WHAT IS BEING ASKED: Below is a block of records: output all of them exactly and leave out the pictures.
»»
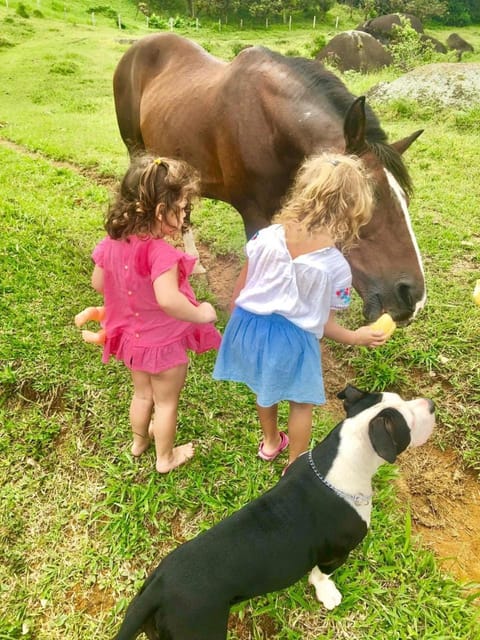Horse-riding, Other, Entertainment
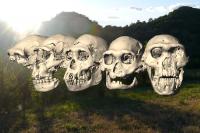 Computer Reconstruction of the 5 Dmanisi Skulls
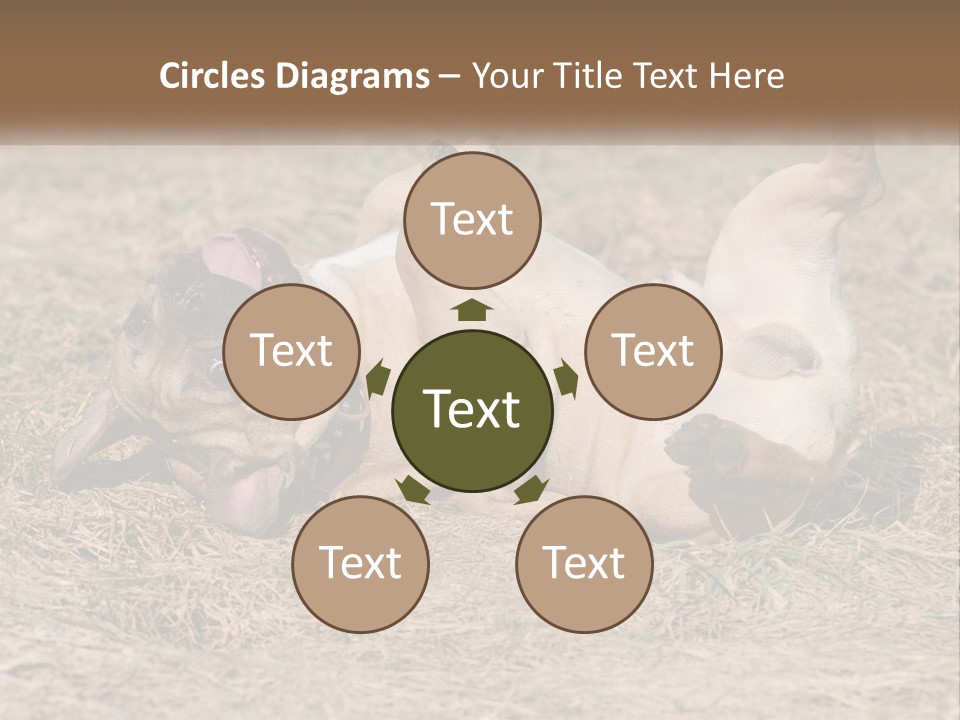 Humor Shows Adorable PowerPoint Template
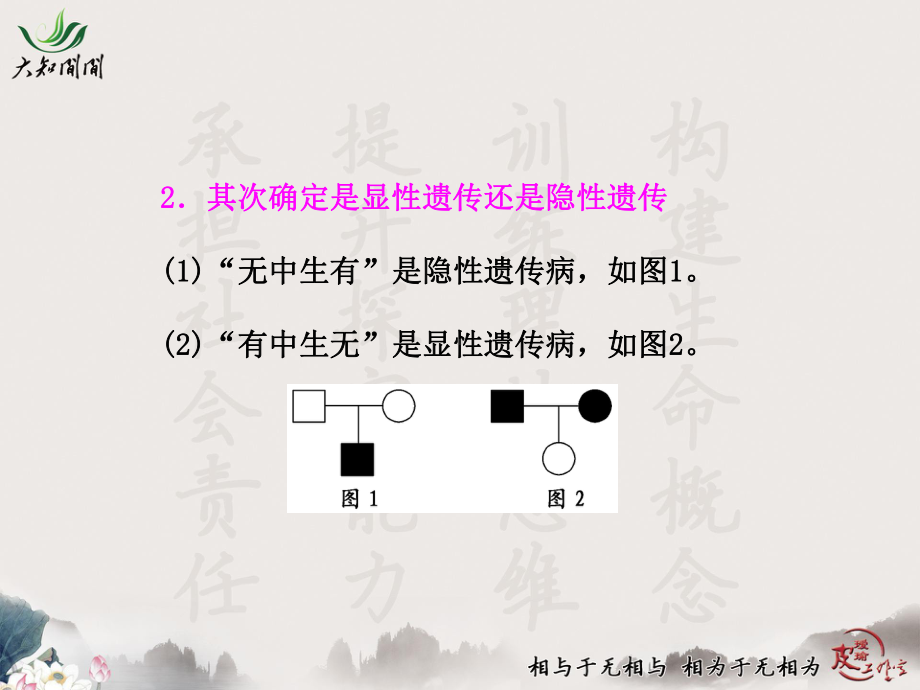 基因在染色体上和伴性遗传(第二讲)课件.ppt_第3页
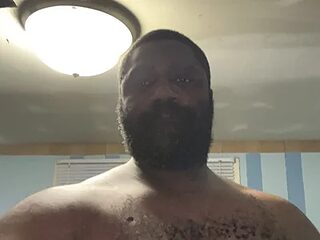 KOdaLion live webcam thumbnail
««
SOLUTION TO THIS PROBLEM:
Horse-riding, Other, Entertainment
 Computer Reconstruction of the 5 Dmanisi Skulls
 Humor Shows Adorable PowerPoint Template
 基因在染色体上和伴性遗传(第二讲)课件.ppt_第3页
 KOdaLion live webcam thumbnail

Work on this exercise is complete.